Minggu, 23 Desember 2012

Bayi Kecilku Menderita Hirschprung

Persis jam 8 pagi pada 1 Ramadhan atau 1 Agustus 2011, istriku mengeluh menahan sakitnya. Ini sudah bulan ke sembilan dari kehamilannya, dan menurutku wajar. Hasil pemerikasaan rutin dokter kandungan menunjukkan kelahiran bayi kami diperkirakan sekitar tanggal 13 Agustus 2011.

Kebetulan, bidan terdekat hanya berjarak 50 meter dari rumah kami. Segera kubawa istriku ke sana. Dalam waktu tak terlalu lama, yakni sekitar jam 9.30 pagi tangisan bayi dari ruang bersalin membuatku lega dan tenang. Selesai satu masalah. Istriku melahirkan normal dan bayiku terlihat sehat. 

Masalah berikut muncul karena ASI istriku tidak serta merta keluar. Oleh perawat, sang bayi diberi minum susu formula. Siang harinya memang tidak terlihat gejala apapun, biasa. Namun di malam hari, sang bayi muntah. Dan, satu hal yang terabaikan, mekonium atau kotoran pertama bayi sampai esok hari kok belum keluar? Beda dengan kakaknya dulu, mekoniumnya keluar pada hari pertama.

Kami menurut saja ketika perawat rumah bersalin menyatakan bahwa mekonium akan keluar dalam 48 jam. Namun, kondisi bayi mulai mengkhawatirkan ketika pada malam kedua selalu muntah ketika diberi ASI. Pada pagi hari ke-3, kami pun membawa bayi ke dokter spesialis anak. Istriku panik begitu dokter menyatakan bahwa anak kami suspect atresia ani (kelainan bawaan ketiadaan anus pada bayi). Namun demikian, dokter anak menyarankan agar bayi kami dirawat lebih lanjut di rumah sakit.

Kami mengikuti saran dokter untuk membawa bayi ke rumah sakit yang dirujuk. Di rumah sakit, bayi kami dirawat dalam incubator. Perutnya kembung. Istri saya begitu sedihnya karena tidak dapat memberinya ASI. Bayi kami mesti diinfus. Dan kotorannya dispooling-atau dipompa. Kembungnya hilang ketika esok harinya pengeluaran kotoran dilakukan dengan colon in loop, sekaligus diambil gambar ususnya.

Menurut analisa dokter bedah, bayi menderita Hirschprung, yakni kelainan bawaan ketiadaan syaraf usus besar pada bayi baru lahir. Dan sang bayi meski dioperasi untuk mencegahnya terkontaminasi toksin oleh kotorannya sendiri. Jika dibiarkan, akan berakibat fatal dan mengganggu pertumbuhan dan membahayakan organ vital semisal otak, jantung dan hati.

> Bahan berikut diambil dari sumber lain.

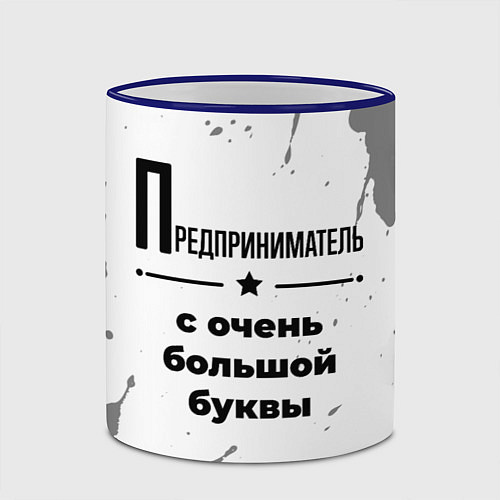 Кружка цветная Предприниматель ну с очень большой буквы / 3D-Синий кант – фото 2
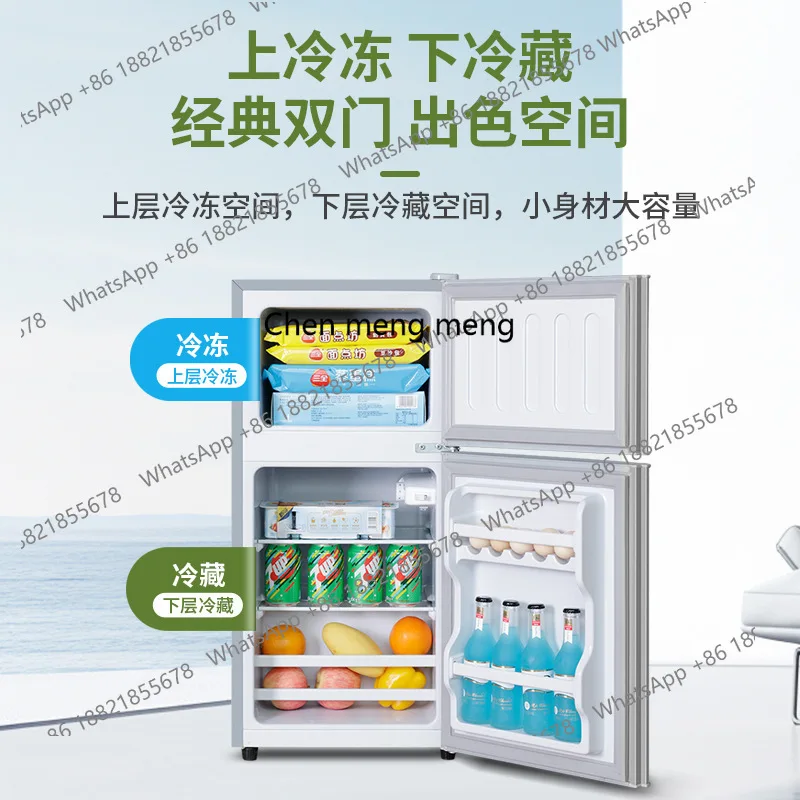 First-class energy-efficient small refrigerator for two people small refrigerator Rental room Dormitory double-door refrigerator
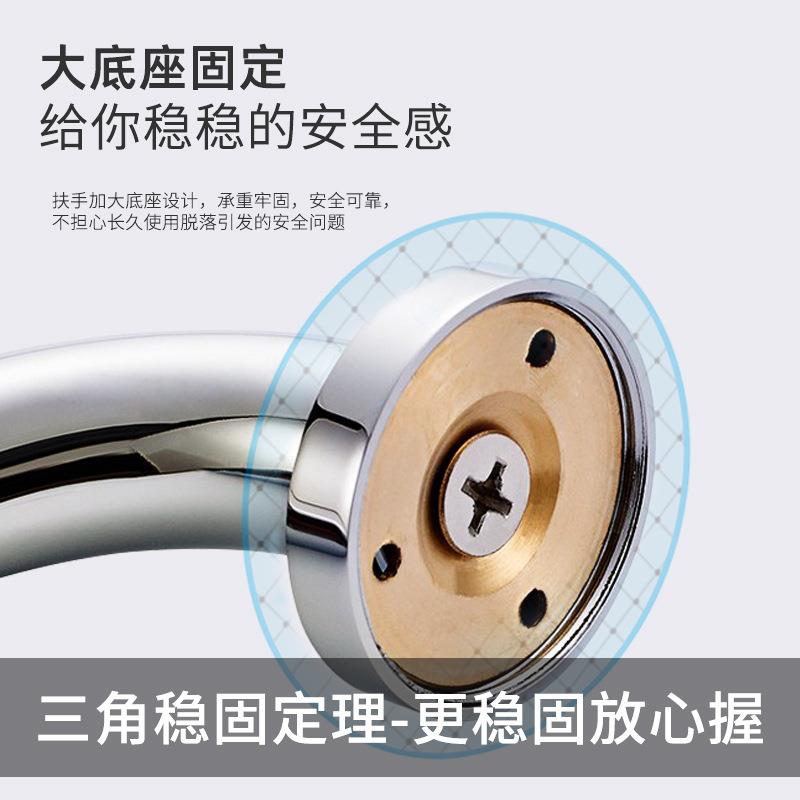 全铜扶手浴室房老人洗澡把手防A款B款养院淋浴拉手老厕所滑安全栏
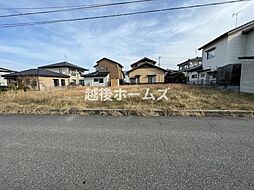 売地　建築条件なし　北区新元島町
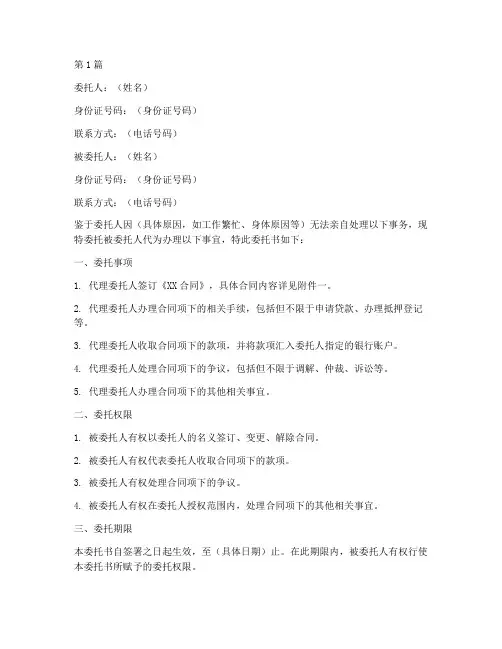 委托书_办理准生证(3篇)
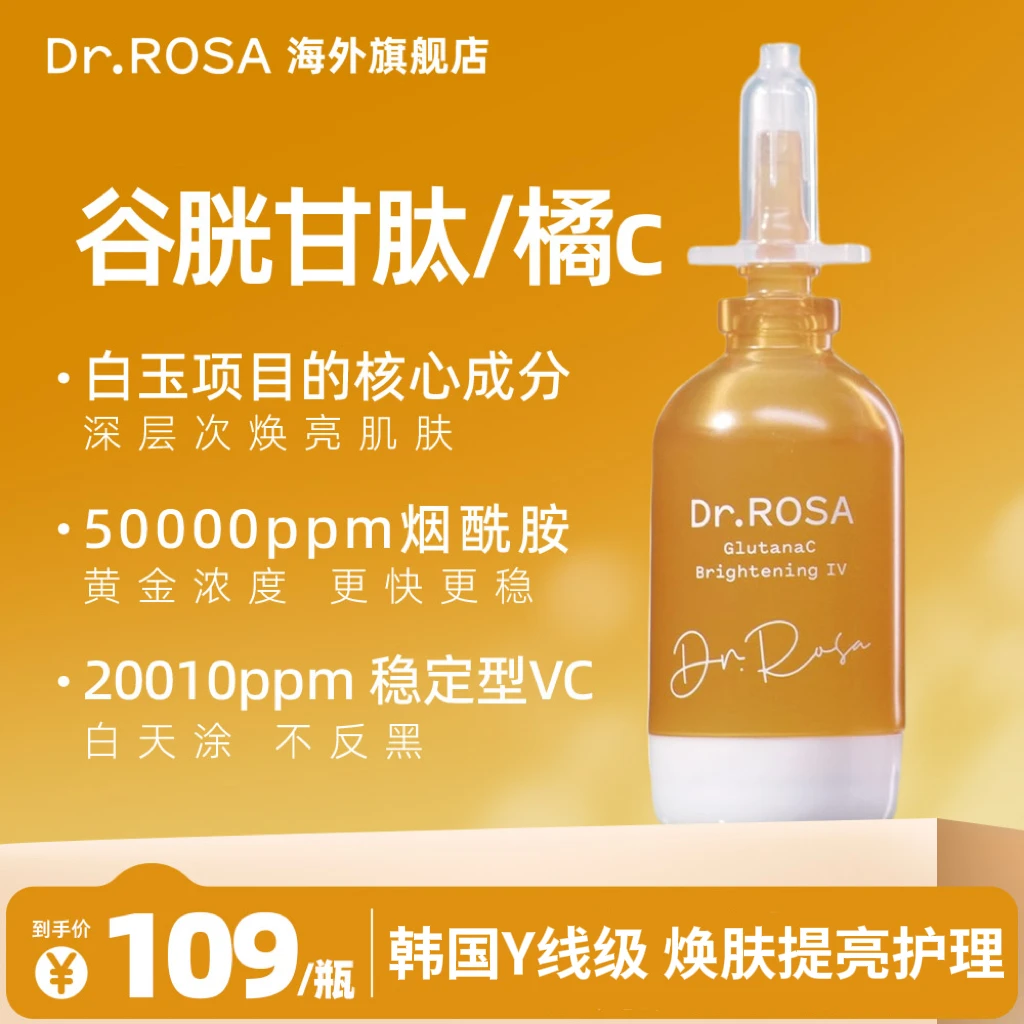 DR.ROSA谷胱甘肽橘c安瓶精华15ml白玉安瓶透亮肌底焕亮肌肤抗氧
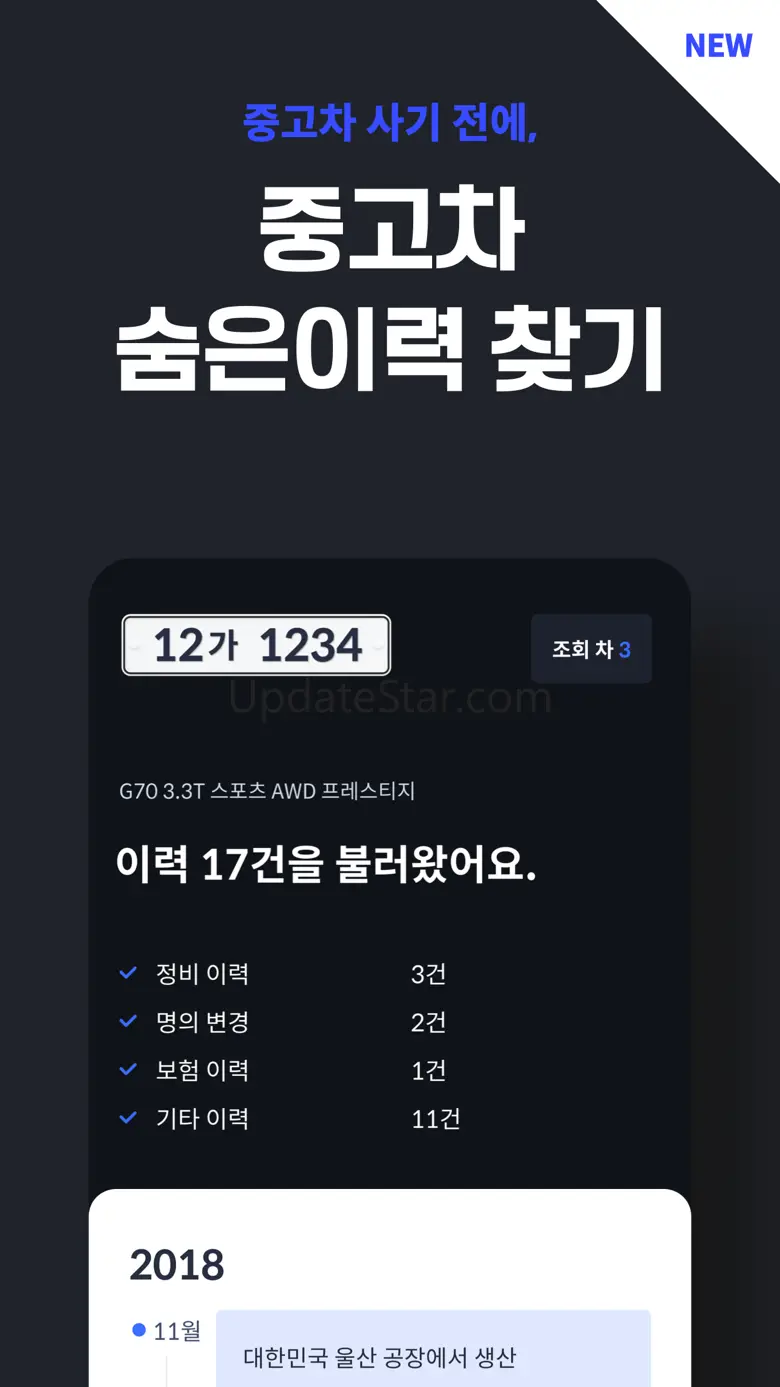 헤이딜러 - 번호판 시세, 내차팔기 7.0.2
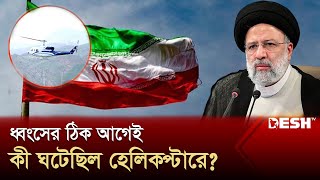 ইরানের প্রেসিডেন্টের মৃত্যু, মুসলিম বিশ্বের অপূরণীয় ক্ষতি | Iran President | Live | Desh TV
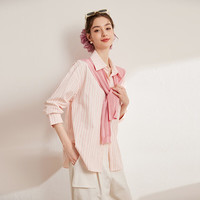 白鹿语春秋撞色条纹宽松衬衫可拆卸披肩时尚休闲衬衣女 粉色 S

Akhirnya, bayi kami dibawa ke rumah sakit di Padang, karena di kota ini lah terdapat dokter ahli spesialis bedah anak. Operasi kolostomi namanya. Operasi dilaksanakan tanggal 17 Agustus 2011 berjalan sukses (hanya 2,5jam) dan sampai hari ini bayi kami masih sehat. Meski ibunya mesti rajin mengganti kain handuk steril yang menyerap kotoran dari lubang kolostomi di bagian perut sebelah kiri.

Kami mesti bersiap-siap menghadapi operasi yang kedua, yakni tindakan memasang / mengarahkan kembali ujung usus besar ke lubang anus. Mohon doa pembaca agar bayi kami selamat dan sehat hingga dewasa.